And finally, we record in concert halls, not in recording studios.  This enables us to capture natural timbres and ambience in the spaces, so we don’t have to do very much in postproduction.  And our musicians prepare very carefully for our recording sessions so that we can record complete movements in one take.  This means that the musical intent in our recordings is as the musicians intend, rather than what I as an engineer could surgically create in postproduction.  We want Yarlung recordings to be in sound what a clean window is for sight.  Like looking at a beautiful view through a clear window, we want the listener to hear living breathing performers making music for them in their listening rooms.  We want Yarlung to disappear when you hear our music, leaving you and the musicians in direct communication.   This is our goal.

− Selecting from your product, please give us two to three items that you strongly recommend.

Given Petteri Iivonen’s recent successes in Japan, I would like to recommend his second album, Art of the Sonata.  Favorites in Japan have been Smoke & Mirrors: Vanish (which includes the Takemitsu percussion concerto), Janaki String Trio, and Dialoghi (which includes Mayuzumi’s Bunraku).

− Please give messages to Japanese audiophiles and music fans.

American recording engineers have tremendous respect for the genius technical and recording ability in your country.  So many of the world’s greatest recordings came from Japan and from Japanese recording teams, across all musical genres.  Here are just a few examples: Sarah Vaughan’s 1973 album Live in Japan, Hélène Grimaud’s debut album with Denon, Oscar Peterson’s Japanese recordings, and of course the legendary XRCD created by Akira Taguchi and the finest vinyl pressing plants the world has ever known.

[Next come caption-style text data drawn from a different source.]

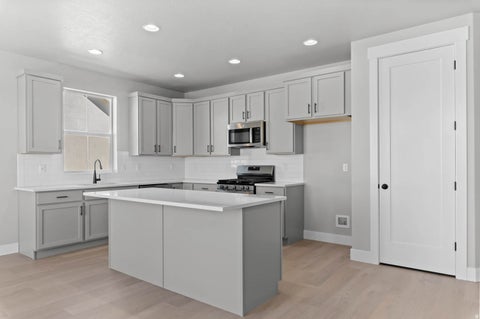 Tiny photo for 2366 S 1230 W, Syracuse, UT 84075 (MLS # 2183926)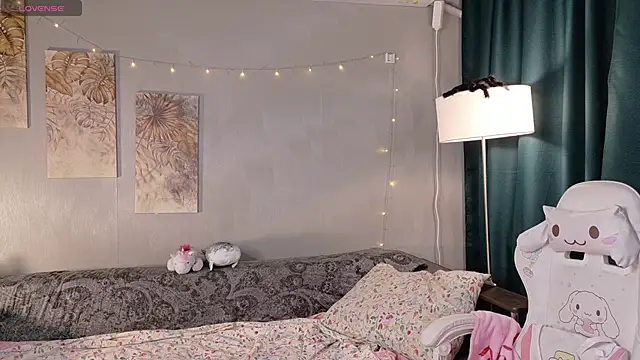 KikiMoor Pertunjukan Webcam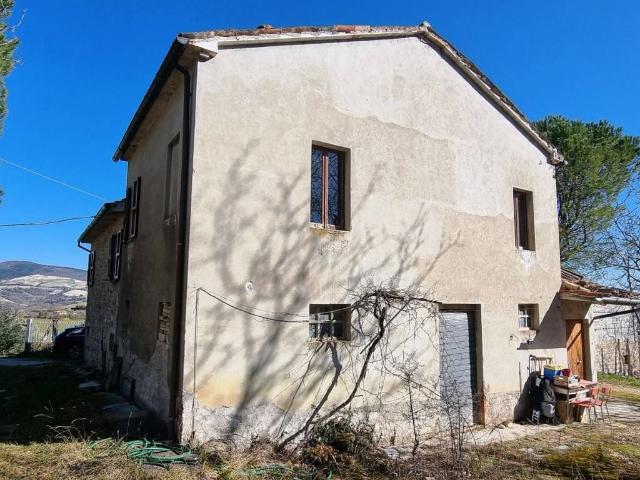 Rustico in vendita a San Mauro, Marche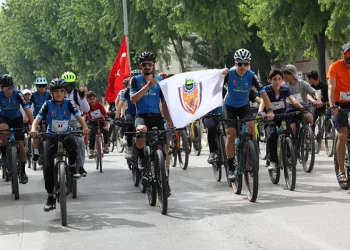 İnegöl’de pedallar temiz gelecek için döndü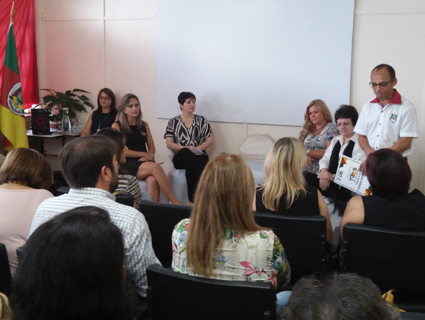 Luiz Moura, coordenador da 6ª CRE, apresentou para os presentes a instalação do projeto contra violência e bullying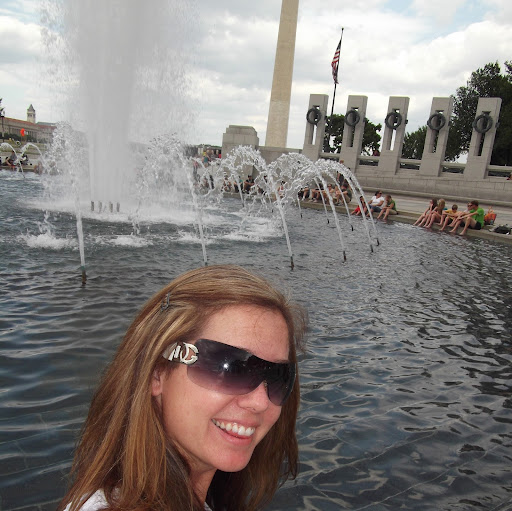 Sara Hester Photo 11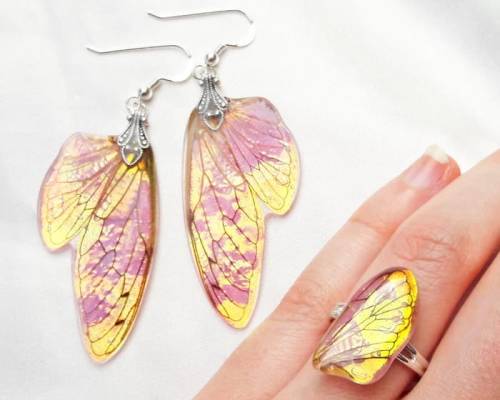 Real #colorchanging #insect wing jewelry set made from #cicadawings and a little bit of #fairy magic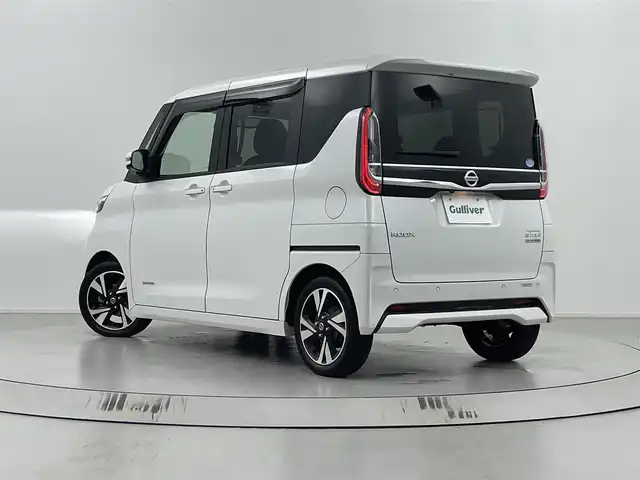 日産 ルークス 埼玉県 2020(令2)年 2.4万km ホワイトパール 純正ナビ　MM318D-W/バックカメラ/アラウンドビューモニター/プロパイロット/車線逸脱警報/先行車発進お知らせ機能/標識認識機能/クリアランスソナー/衝突軽減ブレーキ/アイドリングストップ/プッシュスタート/ステアリングリモコン/電子パーキングシステム/オートブレーキホールド/フロントフォグランプ/ウィンカーミラー/純正ドアバイザー/純正フロアマット/純正15インチアルミホイール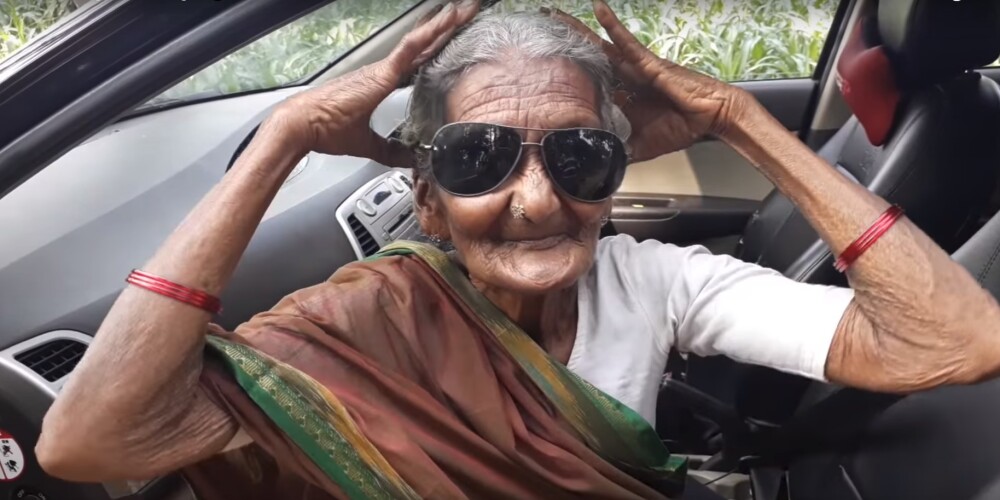 107 gadu vecumā mirusi "bezzobainā leģenda" - pasaules vecākā videoblogere Mastanamma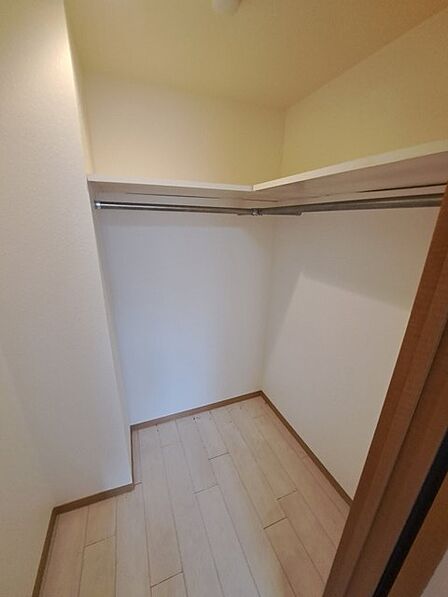 沢山のお洋服などを収納できそうなウォークインクローゼット。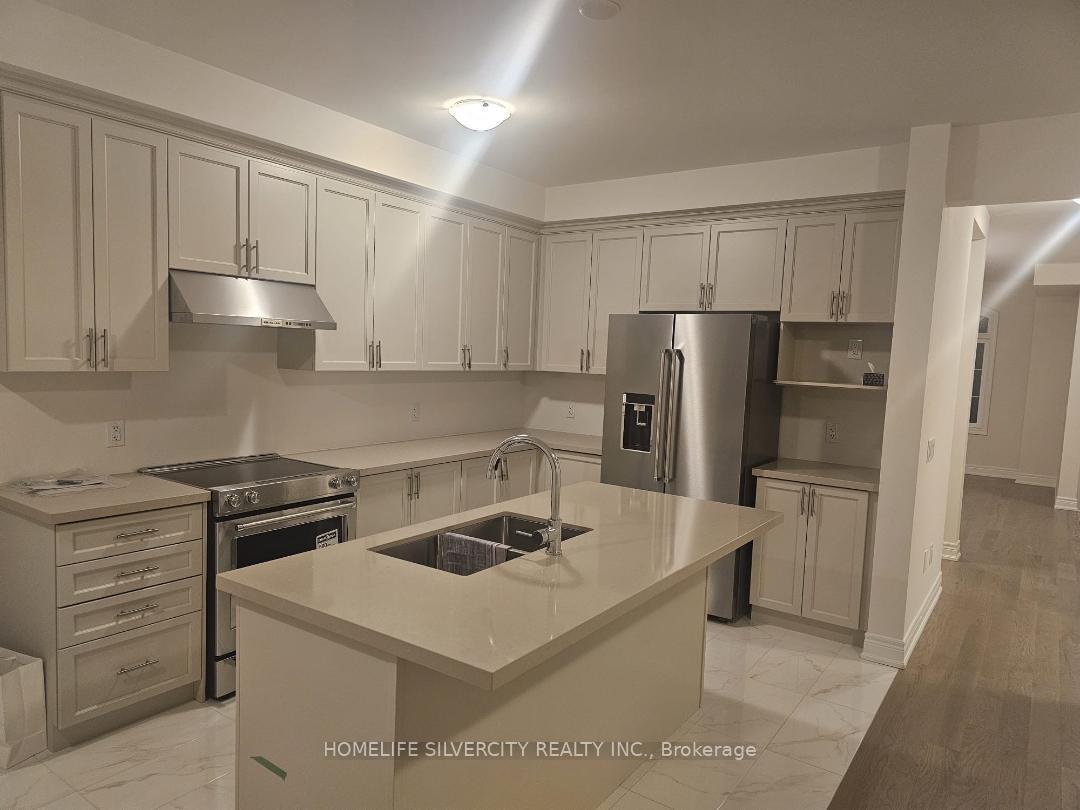 Photo 3 of 80 Grassbank Drive, Brampton, Sandringham-Wellington — HOMEH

We look forward to more Yarlung musicians receiving the warm welcome from Japanese listeners recently given to our Finnish violinist Petteri Iivonen.  Thank you for being such ardent admirers and supporters of the recording and performing arts. Yarlung’s advisor Michala Petri gave some of her favorite performances for Japanese audiences.  My parents were living in Shukugawa near Osaka at the time, and during one visit I remember a special concert I attended in Tokyo’s Suntory Hall in the 1990s: Hermann Prey came to Japan on tour with Schubert’s Winterreise. It was clear that many people in the audience knew Winterreise by heart, in German.  Not even in Germany does this happen.  We were impressed and it was a magical performance I will never forget.  Thank you for keeping the best in the classical arts alive.